Earlier this year the financial regulator, the PRA, raised concerns with the bank about inconsistencies in the reports it was submitting.
It soon emerged that the bank had miscalculated the capital it needed to support some of its commercial lending. The news sent the bank's shares down nearly 40% in one day as the bank said it would need to raise more capital by selling new shares.
Miscalculating the amount of capital you have or need to support your lending is one of the most fundamental mistakes a bank can make.
The bank's capital is a financial cushion to make sure that depositors' money is safe even if some of the borrowers can't pay back their loans.
One banking veteran told the BBC that it was "staggering, beggared belief" that a bank could get such a basic thing so wrong. "Operating with insufficient capital is the cardinal sin that brought us the financial crisis".

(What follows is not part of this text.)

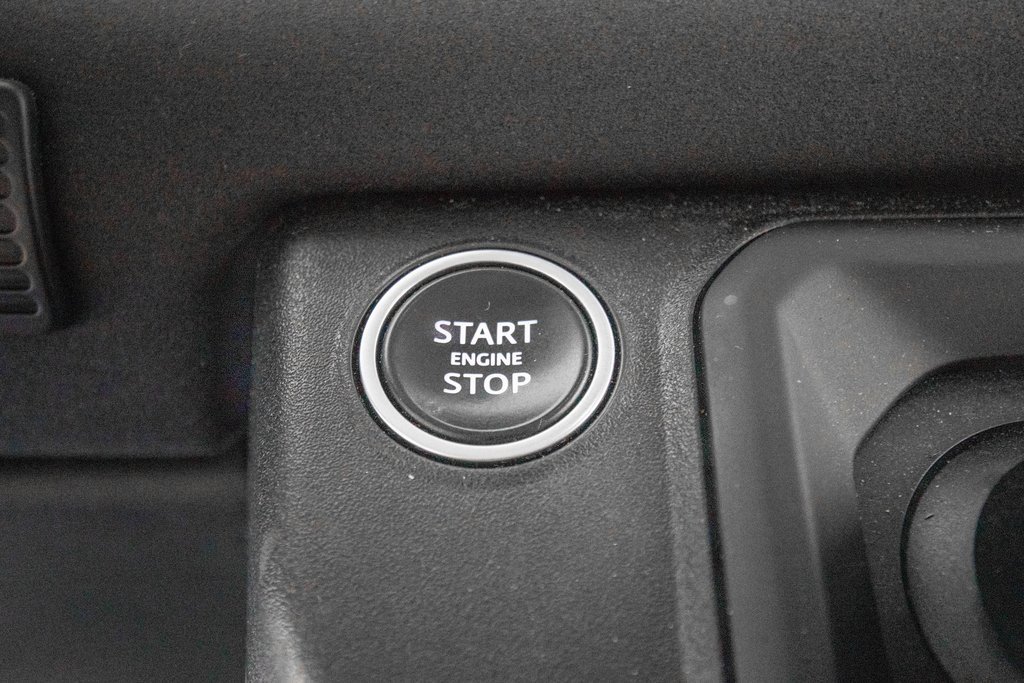 Used 2020 Land Rover Defender 110 SE image 24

Metro Bank is clear that it had sufficient capital to support its current lending but analysts told the BBC that future growth plans also need to be supported as it planned to grow faster than it could earn additional money to support future lending.
The amount of capital a bank needs is calculated by adding together three elements - or pillars - as they are known.
Pillar one is the basic minimum capital calculation based on how much lending you have done and in which markets - the more you do, the riskier the types of loans - the more you need.
Pillar two is the regulators assessment of bank specific risk. It's a qualitative measure that looks at the bank's size, maturity and operating history.
Pillar three is the amount you need to support future growth.
This is an important one for Metro which was trying to grow at 30% per year - which would require more additional capital than the bank could earn along the way.
Well, those plans have changed. As Metro Bank licks its wounds after an embarrassing mistake, it has had to scale down its ambitions.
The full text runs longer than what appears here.